Joe Biden had two main tasks in the September 29 debate. He succeeded in one of them: he didn’t make any obvious gaffes. He stumbled over his own words a few times (as did Trump) but he didn’t say or do anything to support Trump’s repeated accusations that Biden is cognitively impaired or that he’s not up to the mental strain of being President. Unfortunately, he failed at the other task: he let Trump’s insults and interruptions get to him. Though he didn’t talk over Trump anywhere nearly as often as Trump talked over him, Biden talked over Trump enough times he did not seem like “the adult in the room.” Indeed, as I noted earlier, they sometimes came across like two kindergarteners fighting each other in class -- and Chris Wallace did not have the disciplinary options a kindergarten teacher has at his or her disposal to deal with unruly kids. He couldn’t declare a time-out or send them to their corners -- as much as I suspect he wanted to.

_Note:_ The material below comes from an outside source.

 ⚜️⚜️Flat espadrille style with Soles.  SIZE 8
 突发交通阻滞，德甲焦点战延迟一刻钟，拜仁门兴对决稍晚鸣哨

If the debate changed any minds or affected those legendary creatures, the “undecided voters,” it probably made them think, “A plague on both your houses,” and made it less likely that they’ll vote at all. And that’s going to hurt Biden more than Trump, since the Democrats need a huge turnout of voters to crush Trump, the Republican Party and the Right-wing media power of talk radio and Fox News that have created the Trump constituency and helped bring it to power. Trump and the Republicans have consciously pursued a strategy of not attempting to add to their base, but quite the opposite: subtracting from the other side’s base through outright voter suppression and psychological tactics to discourage people who’d vote against them from voting at all. In losing his cool so often and so dramatically in their first debate, Biden helped the Republicans and played right into Trump’s strategy.